(DESCRIPTION OF THE TASK) Every entry is to be reproduced word for word, but the images are not.

========

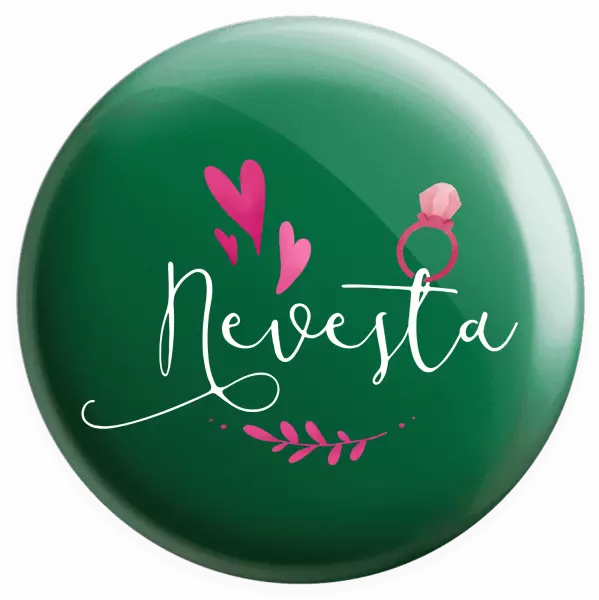 Placka Nevěsta - srdíčka a lístečky - kopie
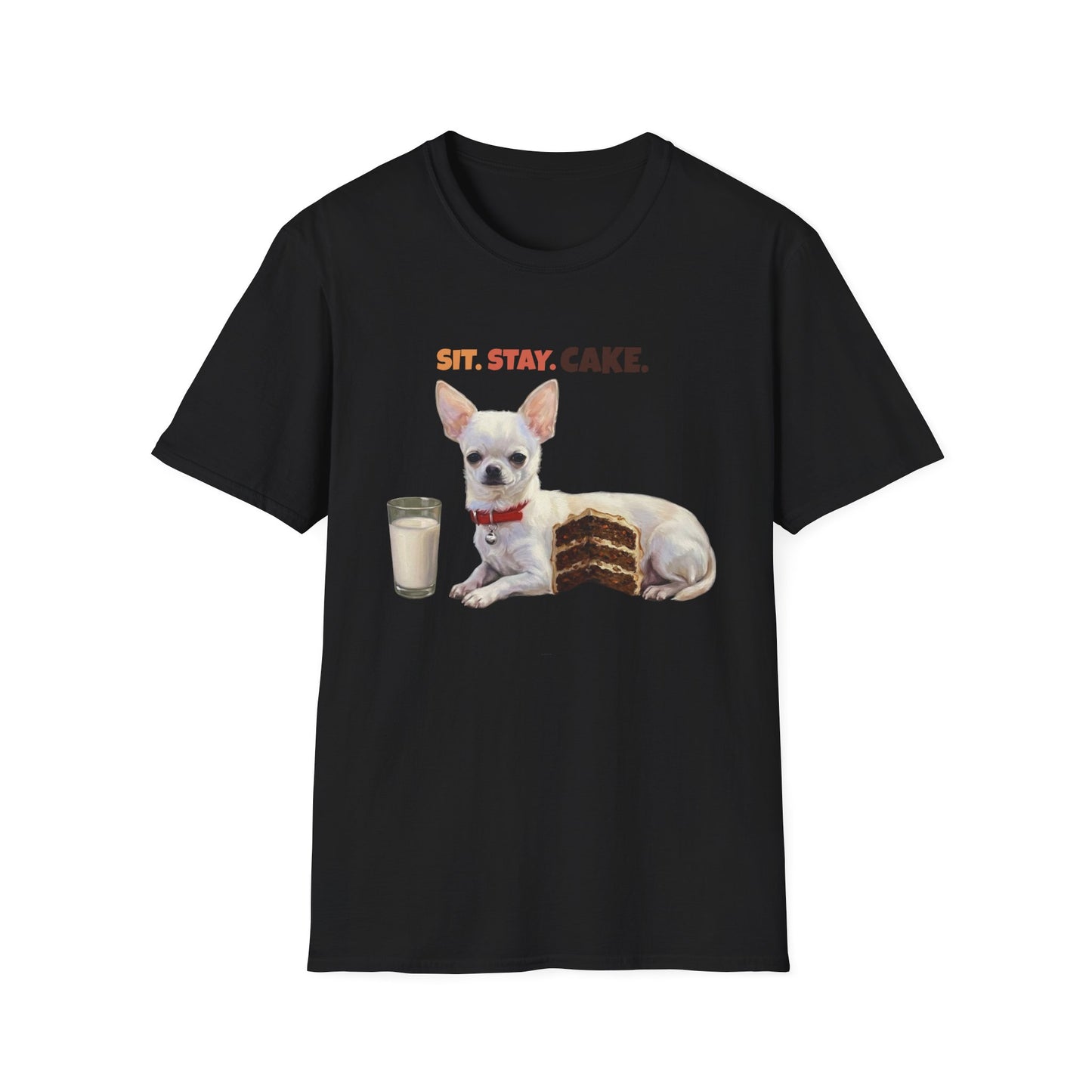 Sit Stay Cake Chihuahua Shirt, Funny Chihuahua Shirt, Chihuahua Lover Gift, Cute Dog Cake Meme Tee, Dog Mom Chihuahua Shirt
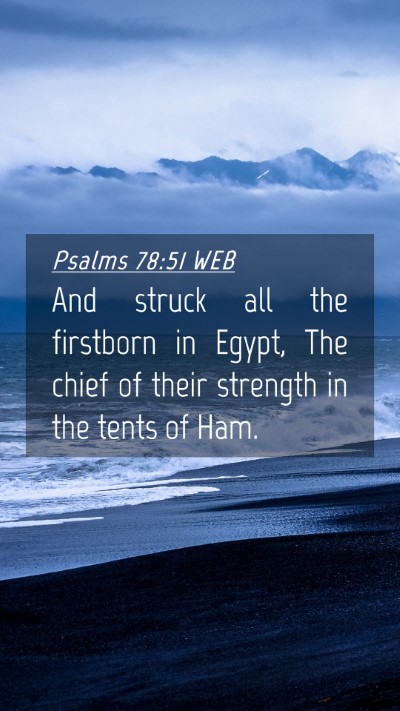 Picture 04 - Psalms 78:51 WEB Mobile Phone Wallpaper - And struck all the firstborn in Egypt, The chief - Mobile Bible Verse Wallpaper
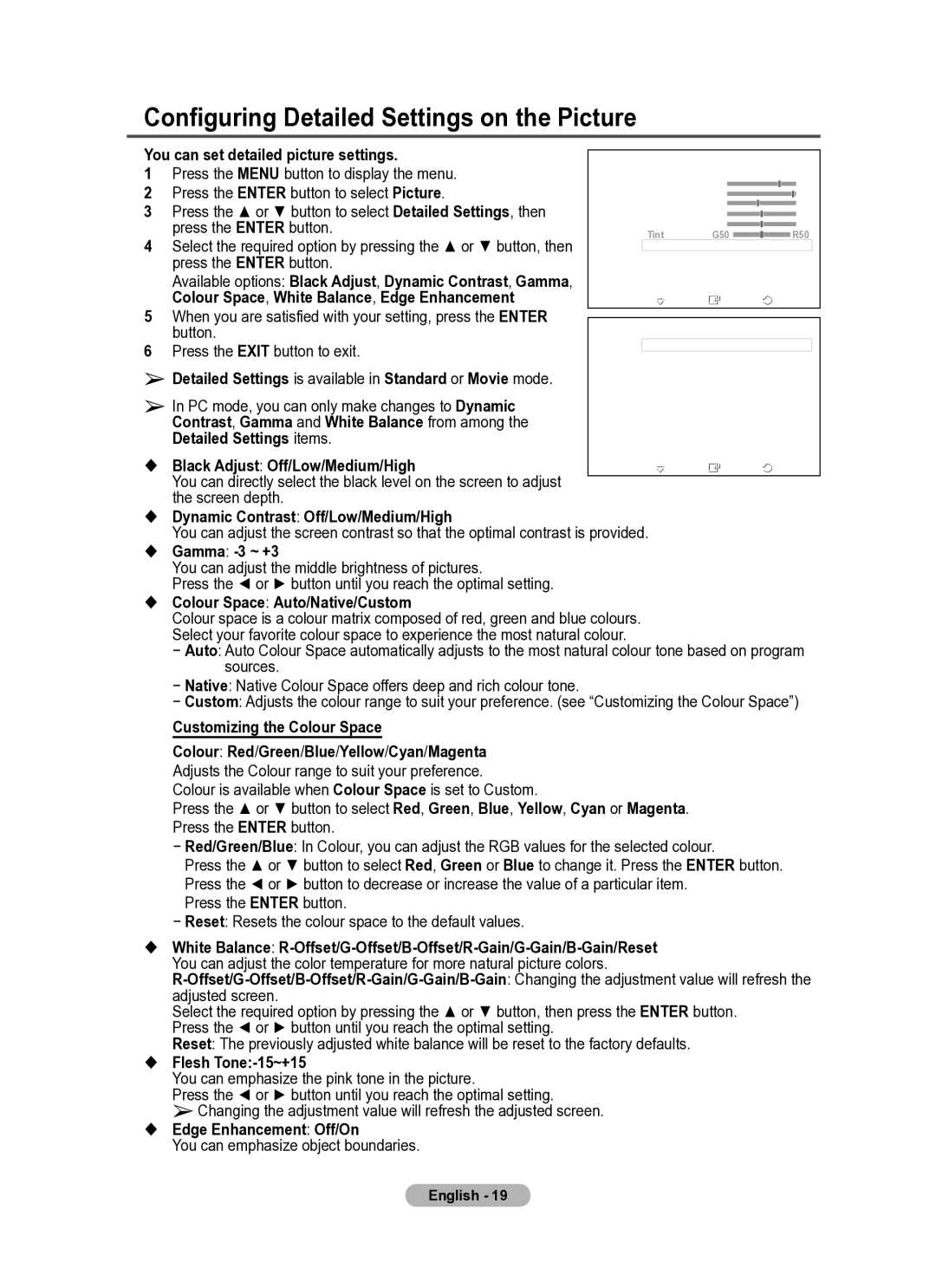 Samsung PS42A410, PS50A410 manual Configuring Detailed Settings on the Picture 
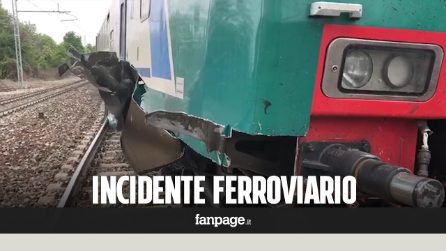 Cuneo, Treno regionale deraglia per una gru sui binari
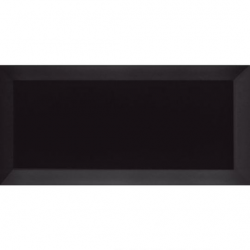 Carreau Métro biseauté noir mat 7.5x15 - 1m² 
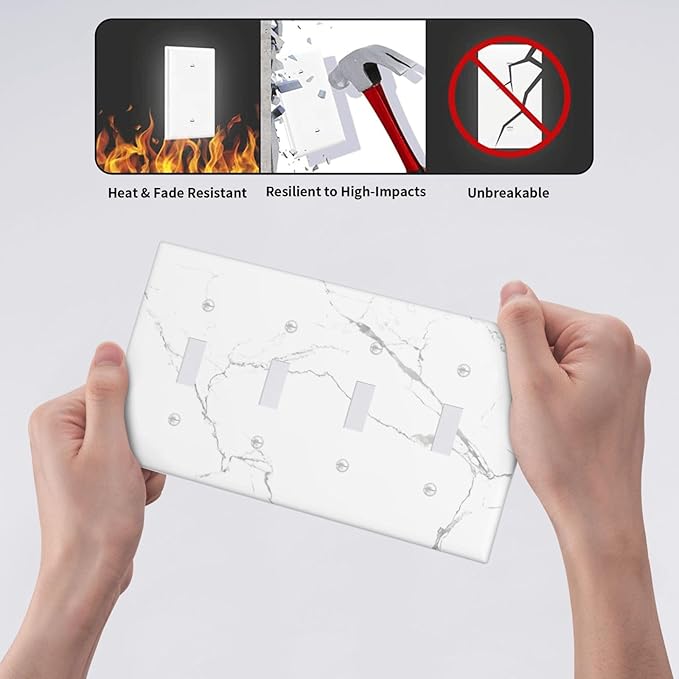 Luxurious White Marble Abstract Print Light Switch Covers Quad Toggle Electrical Faceplate 4 Gang Wall Plate Decorative Switch Plates Cover for Bathroom Kitchen Bedroom Decor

========

(PROBLEM SOLUTION)
 Placka Nevěsta - srdíčka a lístečky - kopie
 Sit Stay Cake Chihuahua Shirt, Funny Chihuahua Shirt, Chihuahua Lover Gift, Cute Dog Cake Meme Tee, Dog Mom Chihuahua Shirt
 Picture 04 - Psalms 78:51 WEB Mobile Phone Wallpaper - And struck all the firstborn in Egypt, The chief - Mobile Bible Verse Wallpaper
 Samsung PS42A410, PS50A410 manual Configuring Detailed Settings on the Picture 
 Cuneo, Treno regionale deraglia per una gru sui binari
 Carreau Métro biseauté noir mat 7.5x15 - 1m² 
 Luxurious White Marble Abstract Print Light Switch Covers Quad Toggle Electrical Faceplate 4 Gang Wall Plate Decorative Switch Plates Cover for Bathroom Kitchen Bedroom Decor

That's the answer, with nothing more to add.